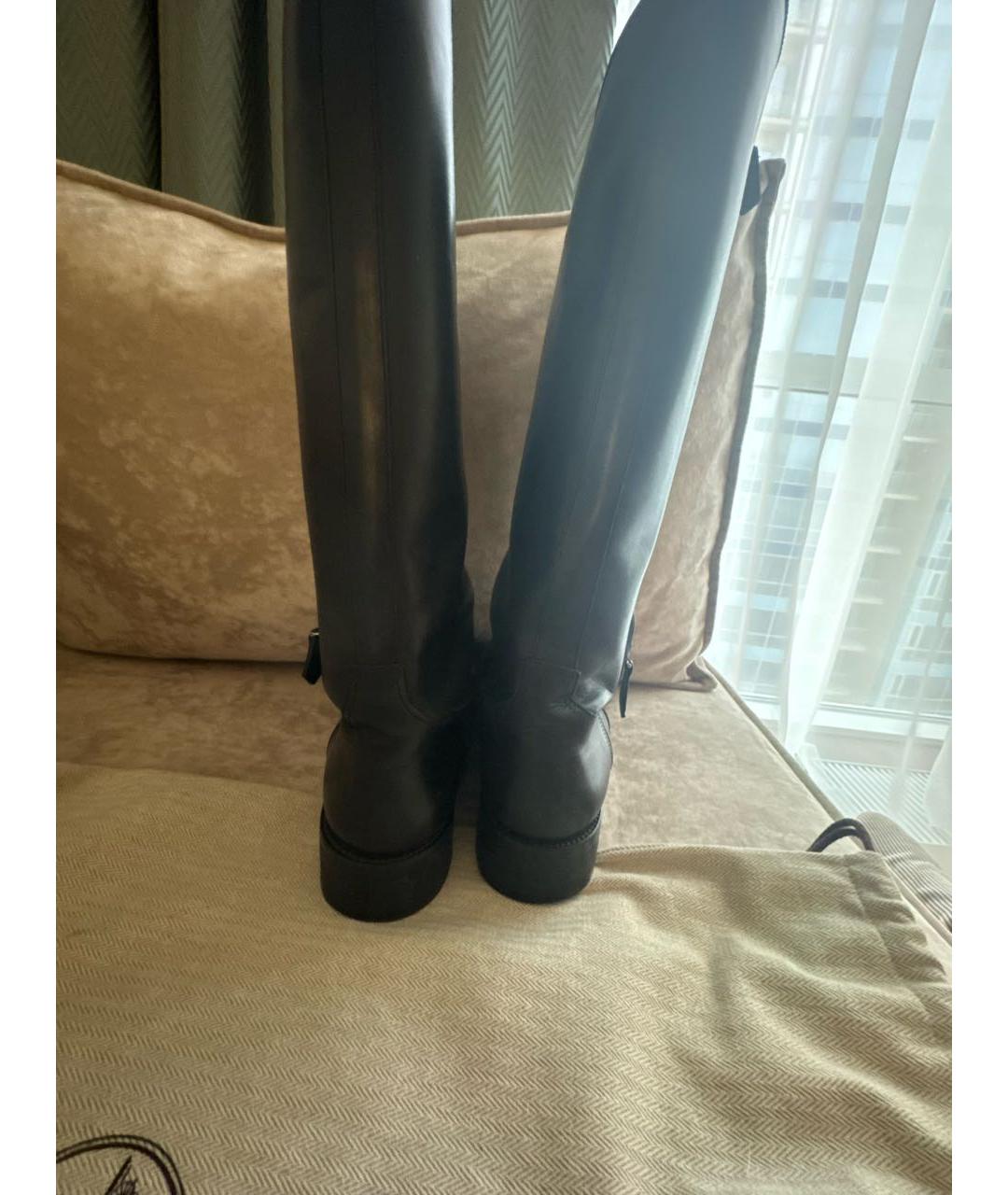 HERMES Черные кожаные сапоги, фото 4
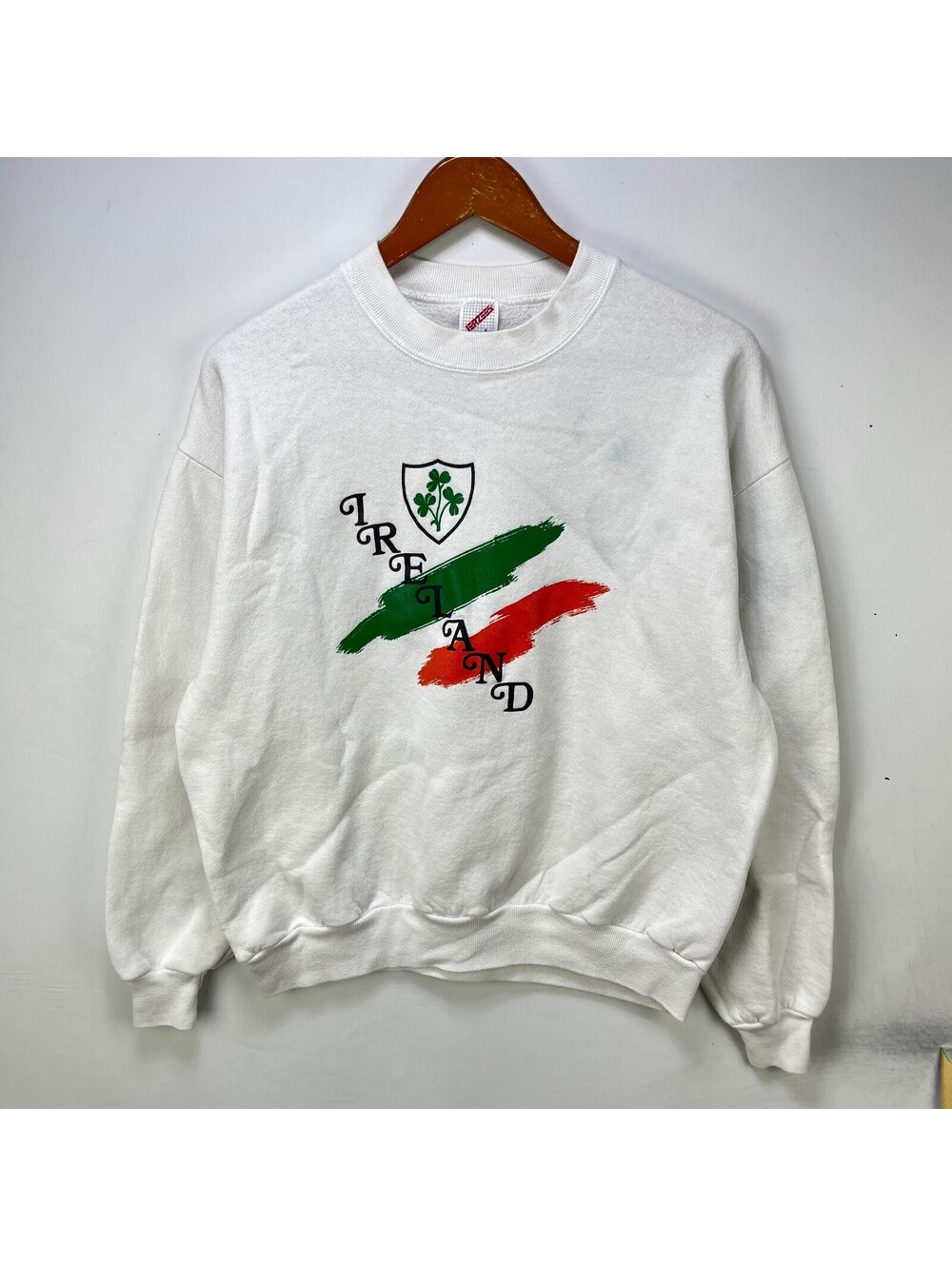 Vintage 90s Ireland Irish Flag Crewneck Sweatshirt L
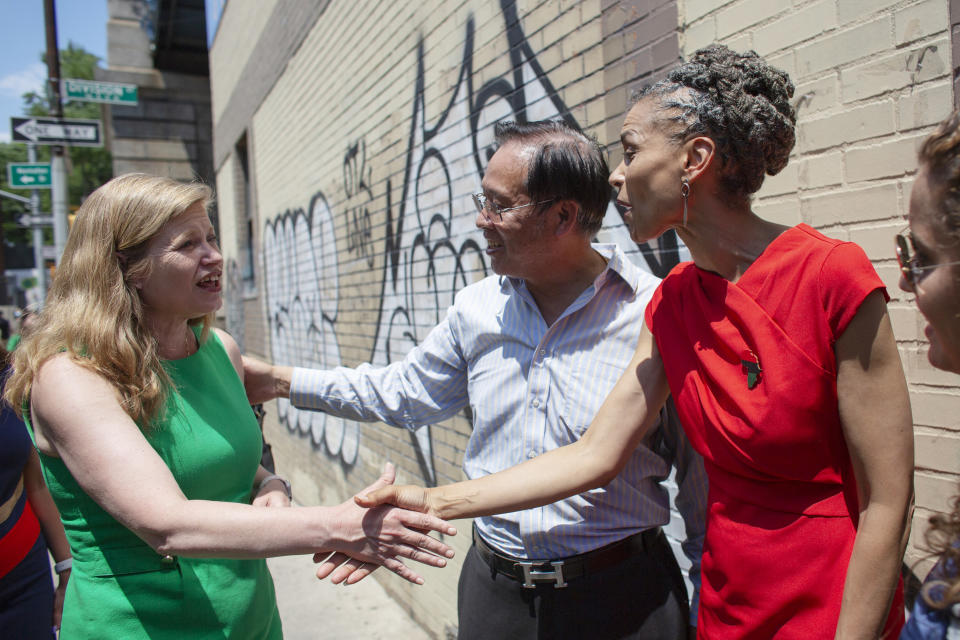 Mayoral candidates Kathryn Garcia, left, and Maya Wiley greet each other at the unveiling of a mural in Chinatown on June 20 in New York City.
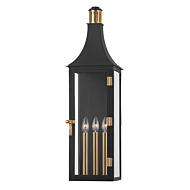 Wes Three Light Outdoor Wall Sconce in Patina Brass by Troy Lighting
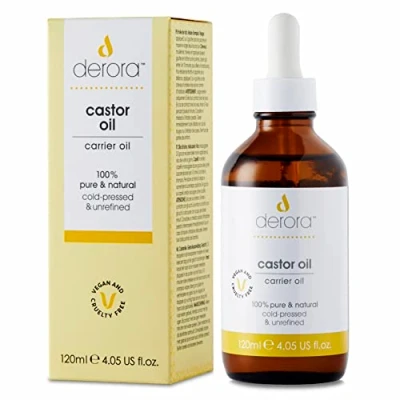 Image de Derora Huile de ricin Nourrit et apaise la peau, les cheveux ongles 100% pur Antioxydant riche en vitamine E Oméga 6 9 Pressé à froid non raffiné (120ml)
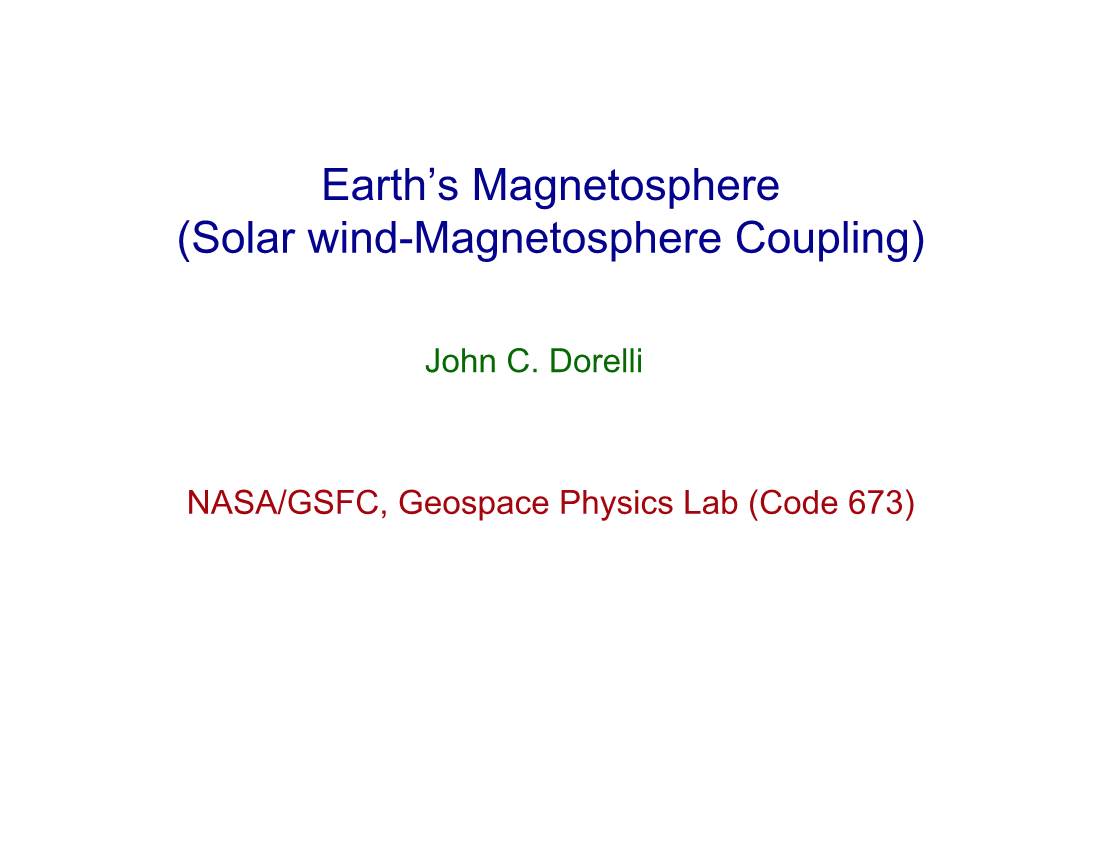 Solar Wind-Magnetosphere Coupling)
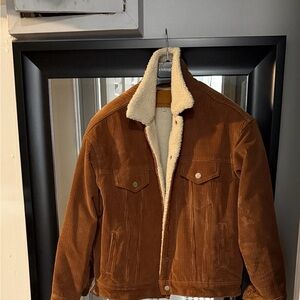Old Navy Tan Corduroy Jacket with Cream Lining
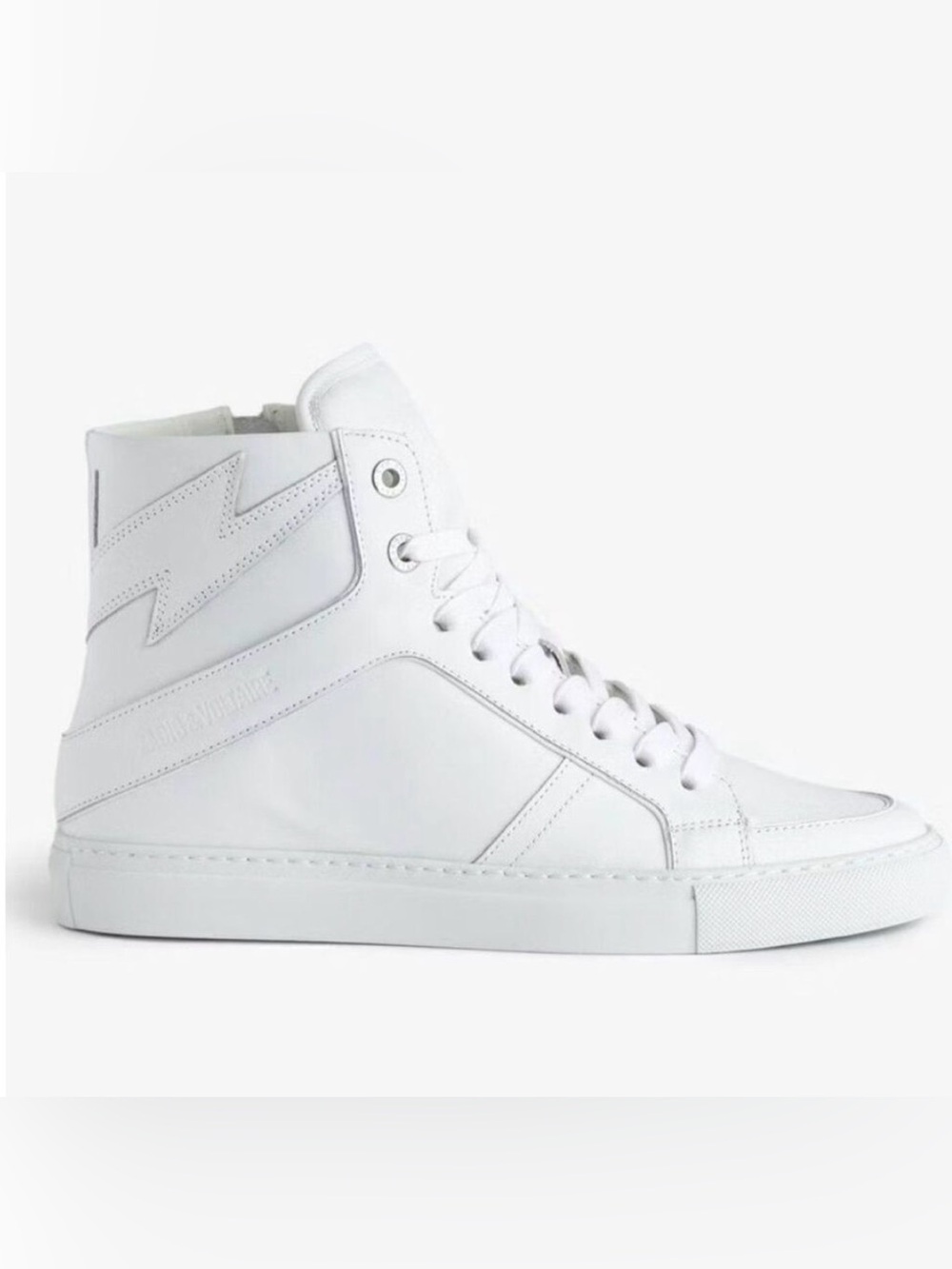 Zadig & Voltaire ZV1747‎ High Flash Sneakers White on White Lace Up High Top NEW
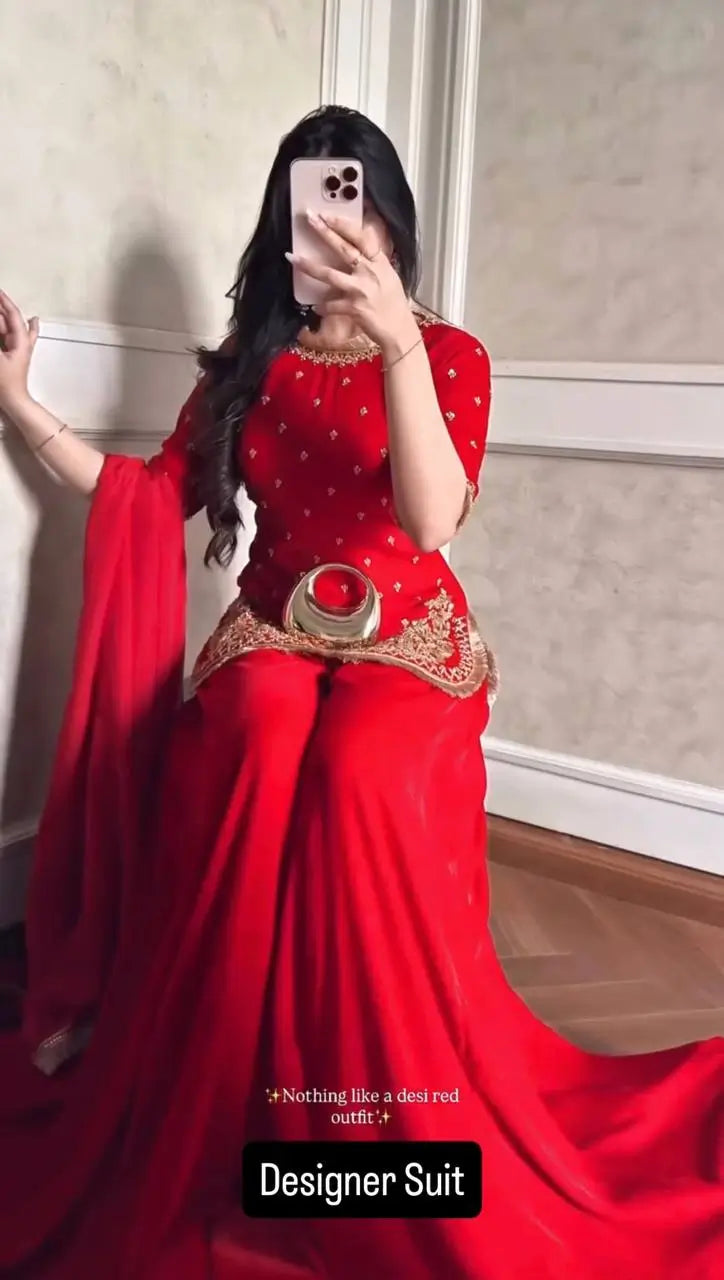 Embroidered C by C Faux Georgette Sharara Set with Dupatta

WORK TO COMPLETE
Could you reproduce exactly the lines from the one containing "Image de Derora" through the last line of the records, both included, leaving out the pictures?

SOLUTION TO THIS PROBLEM
 Image de Derora Huile de ricin Nourrit et apaise la peau, les cheveux ongles 100% pur Antioxydant riche en vitamine E Oméga 6 9 Pressé à froid non raffiné (120ml)
 Solar Wind-Magnetosphere Coupling)
Old Navy Tan Corduroy Jacket with Cream Lining
 Zadig & Voltaire ZV1747‎ High Flash Sneakers White on White Lace Up High Top NEW
 Embroidered C by C Faux Georgette Sharara Set with Dupatta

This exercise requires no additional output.